[Assignment] Set down, exactly and with nothing added, the lines running from the one that holds "蘇州到果洛達(dá)日縣物流公司" to the final line of the records. Pictures stay out of the copy.
--------
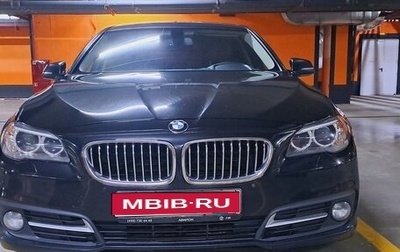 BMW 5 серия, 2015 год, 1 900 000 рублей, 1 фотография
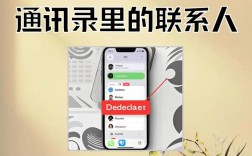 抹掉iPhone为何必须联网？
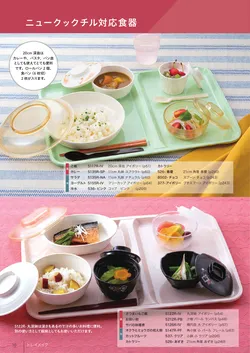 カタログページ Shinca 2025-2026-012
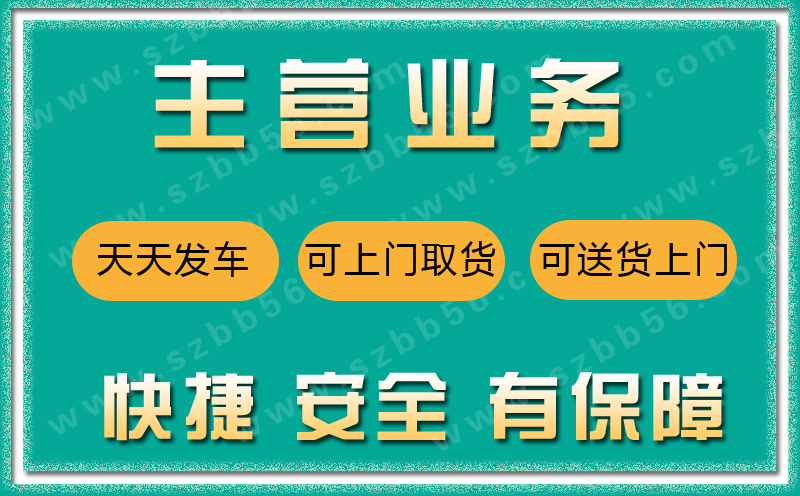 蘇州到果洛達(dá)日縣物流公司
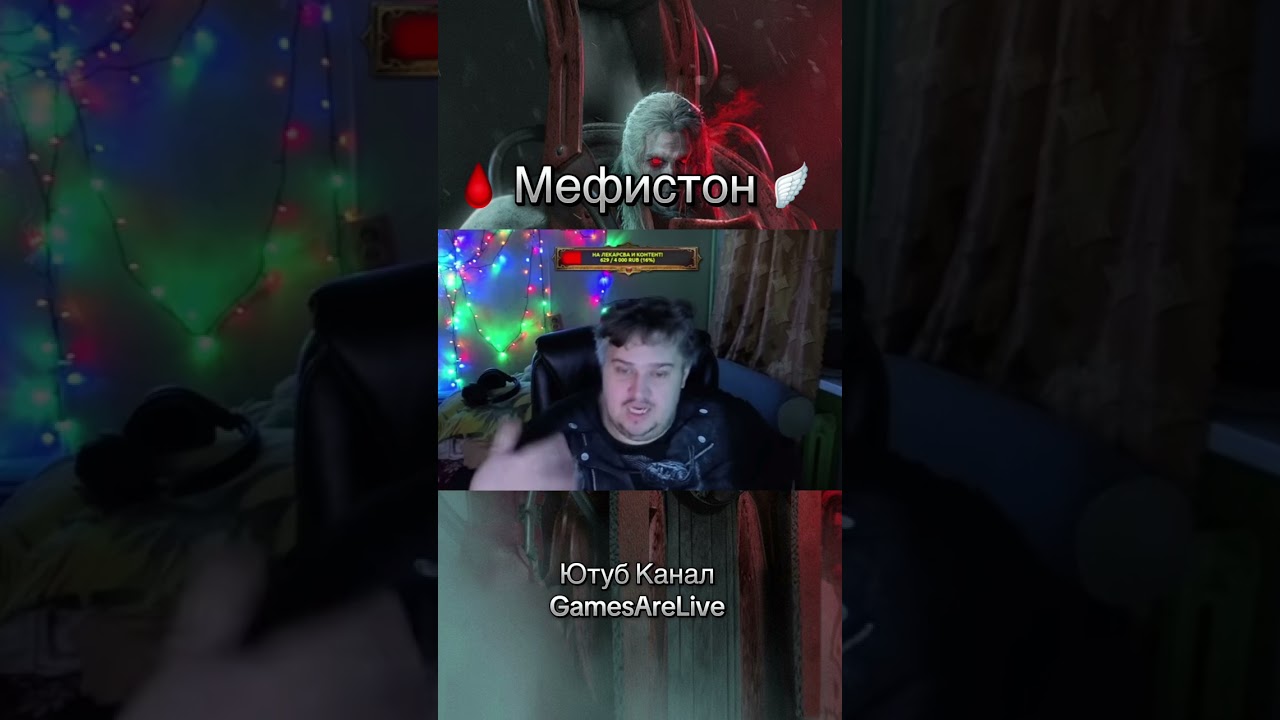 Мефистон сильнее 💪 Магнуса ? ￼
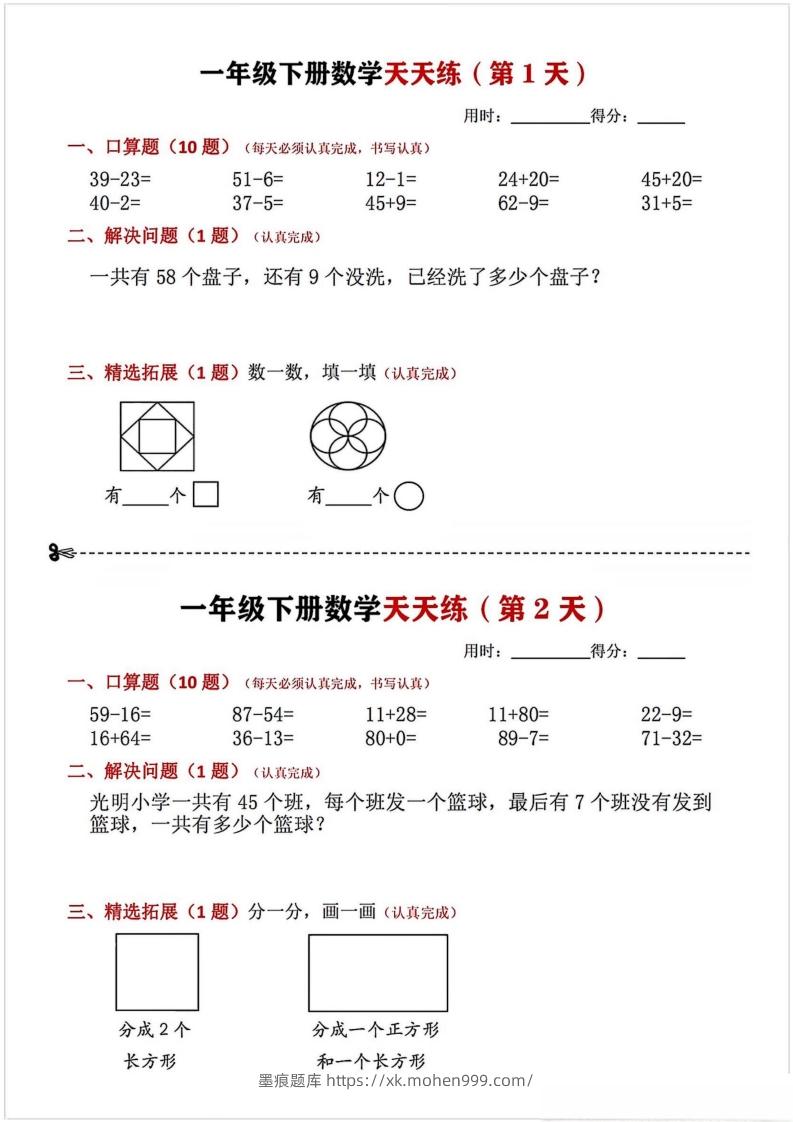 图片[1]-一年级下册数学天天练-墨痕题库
--------
[Task response]
 蘇州到果洛達(dá)日縣物流公司
 Мефистон сильнее 💪 Магнуса ? 
 图片[1]-一年级下册数学天天练-墨痕题库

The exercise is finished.